Bien avant d'accoster, on distingue la silhouette : une haute colonne de pierre dressée sur la colline, surmontée d'une figure de bronze aux ailes déployées. Le monument de Batina veille sur un coude du Danube où trois pays se regardent — la Croatie sur cette rive, la Serbie en face, la Hongrie à quelques kilomètres en amont. En contrebas, un millier d'habitants, des rues tranquilles bordées de vergers et l'un des plus petits débarcadères de croisière du fleuve.

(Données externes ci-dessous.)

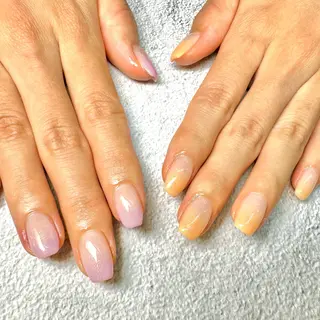 ネイル Queennail 北堀江AYAのネイルデザイン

Une colline chargée de mémoire

En novembre 1944 s'est jouée ici l'une des batailles les plus importantes du front danubien, lorsque les forces soviétiques et les partisans yougoslaves ont franchi le fleuve face à l'armée allemande. Le mémorial élevé après la guerre honore les milliers de soldats tombés durant cette traversée. On y monte à pied depuis le village en une quinzaine de minutes. Là-haut, le silence impose le respect, et la vue s'étend sur la plaine pannonienne : le Danube déroule ses bancs de sable, les forêts inondables moutonnent à perte de vue, et par temps clair, le regard circule librement d'un pays à l'autre.

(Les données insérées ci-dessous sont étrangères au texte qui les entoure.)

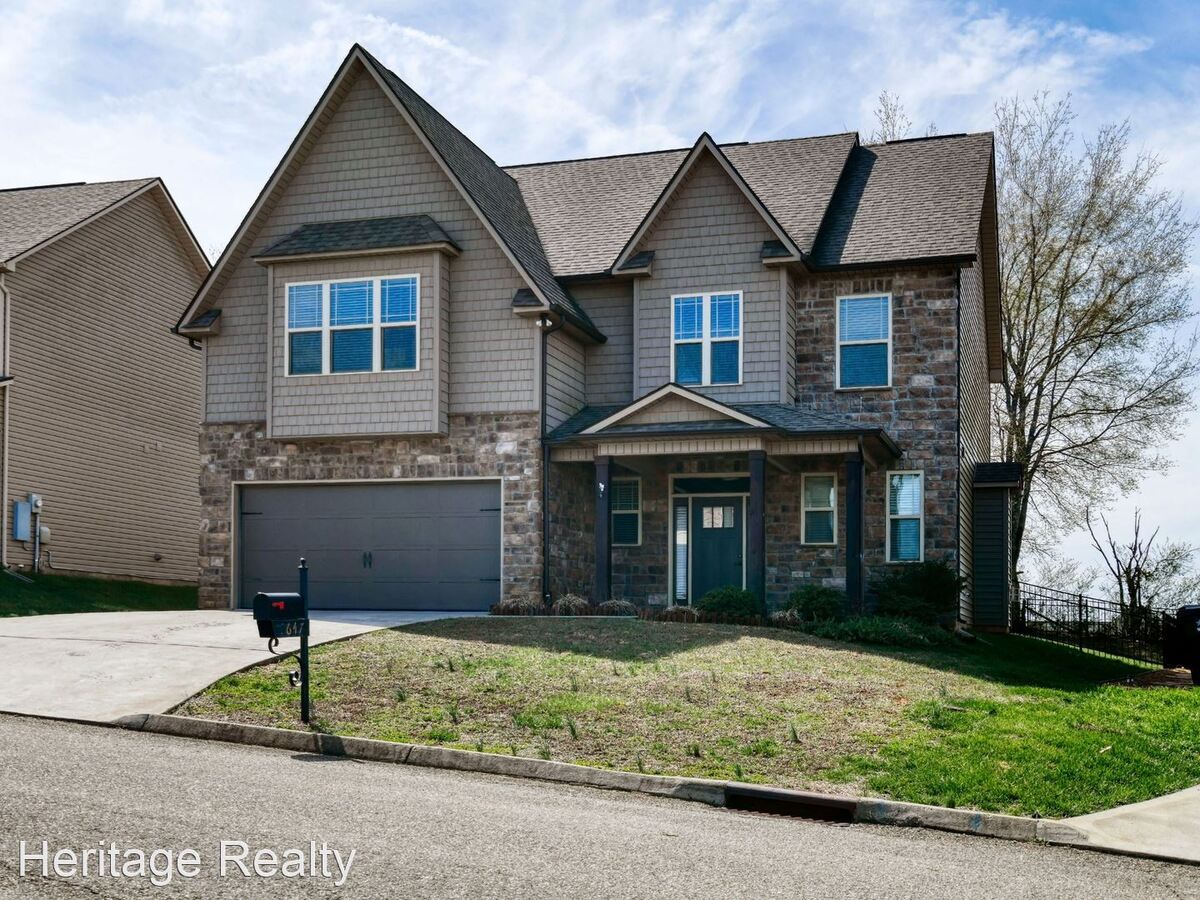 2647 Brooke Willow Blvd Knoxville, TN House for Rent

La Baranja, un coin de campagne préservé

Batina constitue la porte d'entrée de la Baranja, triangle de terres agricoles serré entre la Drava et le Danube. Les excursions proposées lors des escales mènent souvent au village-musée de Karanac, à une vingtaine de kilomètres, où d'anciennes fermes aux toits pentus abritent ateliers, calèches et objets du quotidien d'autrefois. Les habitants y perpétuent une cuisine généreuse, marquée par les influences hongroises : kulen au paprika, ragoûts mijotés longuement, vins blancs tirés de caves creusées à même les collines de lœss. Dans les bourgs voisins de Zmajevac et de Suza, ces celliers enterrés s'alignent le long de ruelles entières ; les vignerons y reçoivent les groupes autour d'une graševina fraîche et d'une assiette de charcuteries, avec cette hospitalité directe qui caractérise les campagnes danubiennes. Plusieurs compagnies fluviales incluent cette halte gourmande dans leur programme d'après-midi.

Le parc naturel de Kopački rit

À une demi-heure de route s'ouvre l'un des plus vastes marais intérieurs d'Europe. Kopački rit, souvent surnommé l'Amazonie européenne, occupe la zone de confluence de la Drava et du grand fleuve : un labyrinthe d'étangs, de roselières et de forêts noyées où nichent près de 300 espèces d'oiseaux. Depuis les passerelles de bois ou lors d'une sortie en barque, on observe hérons, cormorans et, avec un peu de chance, le vol lourd d'un pygargue à queue blanche. Cerfs et sangliers fréquentent les sous-bois. Pour les amateurs de nature, cette excursion justifie à elle seule l'arrêt à Batina.

Le village lui-même

Ceux qui préfèrent rester à quai ne perdront pas leur temps. Une promenade mène de l'embarcadère à l'église paroissiale, puis le long des maisons basses où les habitants cultivent poivrons et tomates. Les pêcheurs réparent leurs filets près du pont qui enjambe l'eau vers la Serbie. On avance lentement, on échange un signe de tête, on s'assoit parfois à l'ombre d'un noyer pendant que les hirondelles cousent le ciel au-dessus des toits. La Baranja ne se visite pas au pas de course ; elle s'apprivoise, à la manière d'une maison de campagne où l'on reviendrait chaque été.

Le retour à bord

Au moment où le navire largue les amarres, la statue ailée de la colline accroche une dernière fois la lumière. Batina aura offert ce que les grandes villes ne peuvent pas donner : une leçon d'histoire à ciel ouvert, des marais grouillants de vie et la douceur têtue d'un village frontalier qui a traversé les tempêtes du siècle sans perdre son calme. Il arrive que l'on mesure la richesse d'une escale au nombre de questions qu'elle laisse en tête une fois le pont remonté.